* **Available records**
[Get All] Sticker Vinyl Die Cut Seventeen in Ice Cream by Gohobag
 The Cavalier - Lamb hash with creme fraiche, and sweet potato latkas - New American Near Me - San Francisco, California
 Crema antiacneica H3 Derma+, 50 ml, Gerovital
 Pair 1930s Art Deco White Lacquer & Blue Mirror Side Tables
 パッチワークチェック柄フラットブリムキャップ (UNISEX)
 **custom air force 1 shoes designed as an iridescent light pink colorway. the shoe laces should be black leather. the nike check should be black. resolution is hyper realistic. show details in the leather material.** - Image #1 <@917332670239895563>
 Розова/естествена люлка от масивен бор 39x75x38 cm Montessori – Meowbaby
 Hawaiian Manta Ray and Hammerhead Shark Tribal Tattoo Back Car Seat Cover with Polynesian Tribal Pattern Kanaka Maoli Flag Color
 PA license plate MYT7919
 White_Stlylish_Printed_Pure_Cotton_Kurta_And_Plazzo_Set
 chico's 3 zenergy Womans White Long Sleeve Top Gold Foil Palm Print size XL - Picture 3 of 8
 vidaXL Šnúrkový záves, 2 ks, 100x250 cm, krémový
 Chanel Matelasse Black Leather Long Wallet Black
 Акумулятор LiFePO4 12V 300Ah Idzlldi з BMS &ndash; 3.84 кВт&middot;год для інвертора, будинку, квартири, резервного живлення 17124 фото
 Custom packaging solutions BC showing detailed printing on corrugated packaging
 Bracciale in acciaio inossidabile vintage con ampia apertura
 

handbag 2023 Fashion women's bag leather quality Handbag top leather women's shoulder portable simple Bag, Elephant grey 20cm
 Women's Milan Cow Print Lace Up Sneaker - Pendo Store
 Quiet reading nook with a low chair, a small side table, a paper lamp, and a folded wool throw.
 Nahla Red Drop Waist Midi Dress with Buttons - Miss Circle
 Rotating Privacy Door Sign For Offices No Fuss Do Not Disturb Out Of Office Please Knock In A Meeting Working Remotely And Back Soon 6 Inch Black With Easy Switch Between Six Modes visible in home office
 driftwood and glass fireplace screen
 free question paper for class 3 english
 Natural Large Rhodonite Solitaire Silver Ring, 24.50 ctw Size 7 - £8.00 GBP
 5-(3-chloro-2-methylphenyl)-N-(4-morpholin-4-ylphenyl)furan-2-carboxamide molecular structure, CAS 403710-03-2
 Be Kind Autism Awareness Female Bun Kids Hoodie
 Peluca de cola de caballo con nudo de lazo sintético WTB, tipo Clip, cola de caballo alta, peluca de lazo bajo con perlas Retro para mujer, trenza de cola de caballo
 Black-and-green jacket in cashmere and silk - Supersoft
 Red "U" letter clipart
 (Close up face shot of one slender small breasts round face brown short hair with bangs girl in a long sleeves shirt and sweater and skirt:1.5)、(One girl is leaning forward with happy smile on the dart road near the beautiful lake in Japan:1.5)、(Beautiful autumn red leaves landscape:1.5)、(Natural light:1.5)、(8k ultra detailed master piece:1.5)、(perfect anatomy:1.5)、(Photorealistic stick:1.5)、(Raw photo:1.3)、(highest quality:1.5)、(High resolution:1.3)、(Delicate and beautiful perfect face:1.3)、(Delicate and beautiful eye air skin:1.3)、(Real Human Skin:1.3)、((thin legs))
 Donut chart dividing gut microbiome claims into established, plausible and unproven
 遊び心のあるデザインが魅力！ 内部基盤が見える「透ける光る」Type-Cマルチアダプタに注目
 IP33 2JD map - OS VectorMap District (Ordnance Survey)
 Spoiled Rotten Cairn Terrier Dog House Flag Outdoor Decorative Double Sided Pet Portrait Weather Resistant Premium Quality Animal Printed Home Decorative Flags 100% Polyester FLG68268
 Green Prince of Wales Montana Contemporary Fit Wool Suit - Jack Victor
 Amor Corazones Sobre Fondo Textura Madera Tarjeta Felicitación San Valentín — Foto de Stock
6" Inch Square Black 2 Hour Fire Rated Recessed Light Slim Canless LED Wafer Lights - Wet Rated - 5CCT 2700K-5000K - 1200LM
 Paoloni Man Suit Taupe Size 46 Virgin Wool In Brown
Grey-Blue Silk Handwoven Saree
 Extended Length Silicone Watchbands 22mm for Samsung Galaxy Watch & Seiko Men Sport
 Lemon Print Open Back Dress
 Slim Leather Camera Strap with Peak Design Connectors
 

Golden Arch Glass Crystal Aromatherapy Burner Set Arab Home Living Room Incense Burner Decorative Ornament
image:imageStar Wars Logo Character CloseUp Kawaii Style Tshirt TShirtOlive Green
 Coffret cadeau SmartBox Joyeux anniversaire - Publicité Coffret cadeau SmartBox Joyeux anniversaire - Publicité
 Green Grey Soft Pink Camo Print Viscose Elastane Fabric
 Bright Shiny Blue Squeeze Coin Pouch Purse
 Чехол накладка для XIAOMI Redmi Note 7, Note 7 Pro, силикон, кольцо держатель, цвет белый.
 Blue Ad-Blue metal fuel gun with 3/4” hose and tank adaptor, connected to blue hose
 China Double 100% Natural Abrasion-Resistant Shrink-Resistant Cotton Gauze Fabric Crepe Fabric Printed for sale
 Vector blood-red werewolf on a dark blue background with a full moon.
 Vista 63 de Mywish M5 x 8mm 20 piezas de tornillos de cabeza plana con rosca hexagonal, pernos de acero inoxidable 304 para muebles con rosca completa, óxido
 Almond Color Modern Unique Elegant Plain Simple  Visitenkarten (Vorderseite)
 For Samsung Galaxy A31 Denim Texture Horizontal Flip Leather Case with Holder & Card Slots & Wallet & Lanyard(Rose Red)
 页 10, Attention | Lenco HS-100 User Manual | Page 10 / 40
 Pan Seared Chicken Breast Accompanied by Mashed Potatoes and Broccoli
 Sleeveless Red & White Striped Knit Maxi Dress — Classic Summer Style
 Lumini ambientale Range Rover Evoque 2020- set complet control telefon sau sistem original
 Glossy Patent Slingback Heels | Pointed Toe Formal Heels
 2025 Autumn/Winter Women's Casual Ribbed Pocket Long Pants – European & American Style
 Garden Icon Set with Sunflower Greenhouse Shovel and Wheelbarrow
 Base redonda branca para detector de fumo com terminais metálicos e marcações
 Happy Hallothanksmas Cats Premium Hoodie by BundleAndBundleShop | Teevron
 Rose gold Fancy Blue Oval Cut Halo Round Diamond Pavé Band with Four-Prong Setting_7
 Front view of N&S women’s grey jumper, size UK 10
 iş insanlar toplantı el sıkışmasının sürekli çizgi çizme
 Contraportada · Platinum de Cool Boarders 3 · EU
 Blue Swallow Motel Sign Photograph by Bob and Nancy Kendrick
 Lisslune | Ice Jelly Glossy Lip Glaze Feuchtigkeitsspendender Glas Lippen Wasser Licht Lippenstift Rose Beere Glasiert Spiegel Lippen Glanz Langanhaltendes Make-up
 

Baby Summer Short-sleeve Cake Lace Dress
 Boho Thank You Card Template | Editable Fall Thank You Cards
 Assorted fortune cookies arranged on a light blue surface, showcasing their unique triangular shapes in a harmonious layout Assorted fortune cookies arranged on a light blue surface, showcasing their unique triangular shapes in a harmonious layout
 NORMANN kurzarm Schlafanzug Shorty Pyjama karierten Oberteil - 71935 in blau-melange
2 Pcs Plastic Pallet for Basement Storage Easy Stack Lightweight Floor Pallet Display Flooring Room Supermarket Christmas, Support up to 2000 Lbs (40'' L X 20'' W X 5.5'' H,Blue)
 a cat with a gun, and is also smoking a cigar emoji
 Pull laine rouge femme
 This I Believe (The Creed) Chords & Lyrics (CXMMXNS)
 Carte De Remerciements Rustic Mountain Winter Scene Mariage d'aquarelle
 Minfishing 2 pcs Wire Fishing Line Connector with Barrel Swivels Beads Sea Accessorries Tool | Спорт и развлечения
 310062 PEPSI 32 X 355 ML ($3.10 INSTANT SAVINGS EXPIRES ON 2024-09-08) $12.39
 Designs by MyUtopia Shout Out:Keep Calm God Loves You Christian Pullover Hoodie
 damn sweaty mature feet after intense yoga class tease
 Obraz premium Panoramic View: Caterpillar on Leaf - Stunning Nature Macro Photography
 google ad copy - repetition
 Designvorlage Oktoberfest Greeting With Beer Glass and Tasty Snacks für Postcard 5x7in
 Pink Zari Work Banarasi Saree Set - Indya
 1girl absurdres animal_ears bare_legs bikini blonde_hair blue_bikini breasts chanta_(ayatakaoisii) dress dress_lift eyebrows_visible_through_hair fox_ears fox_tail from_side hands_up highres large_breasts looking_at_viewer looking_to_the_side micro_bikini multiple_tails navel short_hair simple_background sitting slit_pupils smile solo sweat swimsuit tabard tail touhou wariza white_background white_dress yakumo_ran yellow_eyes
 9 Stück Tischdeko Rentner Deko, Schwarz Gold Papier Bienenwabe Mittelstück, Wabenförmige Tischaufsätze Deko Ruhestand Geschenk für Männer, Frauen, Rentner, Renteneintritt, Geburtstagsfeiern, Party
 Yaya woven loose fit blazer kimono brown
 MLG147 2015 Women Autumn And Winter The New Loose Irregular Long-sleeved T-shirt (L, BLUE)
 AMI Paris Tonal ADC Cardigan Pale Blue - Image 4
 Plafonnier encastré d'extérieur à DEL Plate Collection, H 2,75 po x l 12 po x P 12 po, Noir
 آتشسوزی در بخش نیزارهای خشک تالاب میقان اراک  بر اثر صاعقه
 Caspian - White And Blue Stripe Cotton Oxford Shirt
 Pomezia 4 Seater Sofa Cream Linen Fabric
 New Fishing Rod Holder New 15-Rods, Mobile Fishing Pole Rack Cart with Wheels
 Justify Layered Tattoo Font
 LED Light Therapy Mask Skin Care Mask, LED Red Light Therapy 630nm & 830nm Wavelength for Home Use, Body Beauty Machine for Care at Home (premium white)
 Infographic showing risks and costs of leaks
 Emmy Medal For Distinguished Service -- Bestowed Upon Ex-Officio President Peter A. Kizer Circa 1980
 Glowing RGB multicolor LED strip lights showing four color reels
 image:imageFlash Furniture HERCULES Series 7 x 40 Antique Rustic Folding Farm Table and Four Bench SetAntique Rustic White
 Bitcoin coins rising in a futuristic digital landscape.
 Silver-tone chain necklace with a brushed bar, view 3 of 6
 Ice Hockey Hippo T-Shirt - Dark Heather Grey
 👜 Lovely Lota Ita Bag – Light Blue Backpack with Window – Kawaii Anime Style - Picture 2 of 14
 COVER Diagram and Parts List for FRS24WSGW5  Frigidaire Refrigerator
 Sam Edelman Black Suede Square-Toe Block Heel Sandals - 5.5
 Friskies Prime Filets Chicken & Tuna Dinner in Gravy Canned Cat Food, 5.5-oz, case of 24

* **Problem description**
An exact, complete copy of the lines above from the one with "chico's 3 zenergy" through the one with "Be Kind Autism" is the whole answer.

* **Output for this task**
 chico's 3 zenergy Womans White Long Sleeve Top Gold Foil Palm Print size XL - Picture 3 of 8
 vidaXL Šnúrkový záves, 2 ks, 100x250 cm, krémový
 Chanel Matelasse Black Leather Long Wallet Black
 Акумулятор LiFePO4 12V 300Ah Idzlldi з BMS &ndash; 3.84 кВт&middot;год для інвертора, будинку, квартири, резервного живлення 17124 фото
 Custom packaging solutions BC showing detailed printing on corrugated packaging
 Bracciale in acciaio inossidabile vintage con ampia apertura
 

handbag 2023 Fashion women's bag leather quality Handbag top leather women's shoulder portable simple Bag, Elephant grey 20cm
 Women's Milan Cow Print Lace Up Sneaker - Pendo Store
 Quiet reading nook with a low chair, a small side table, a paper lamp, and a folded wool throw.
 Nahla Red Drop Waist Midi Dress with Buttons - Miss Circle
 Rotating Privacy Door Sign For Offices No Fuss Do Not Disturb Out Of Office Please Knock In A Meeting Working Remotely And Back Soon 6 Inch Black With Easy Switch Between Six Modes visible in home office
 driftwood and glass fireplace screen
 free question paper for class 3 english
 Natural Large Rhodonite Solitaire Silver Ring, 24.50 ctw Size 7 - £8.00 GBP
 5-(3-chloro-2-methylphenyl)-N-(4-morpholin-4-ylphenyl)furan-2-carboxamide molecular structure, CAS 403710-03-2
 Be Kind Autism Awareness Female Bun Kids Hoodie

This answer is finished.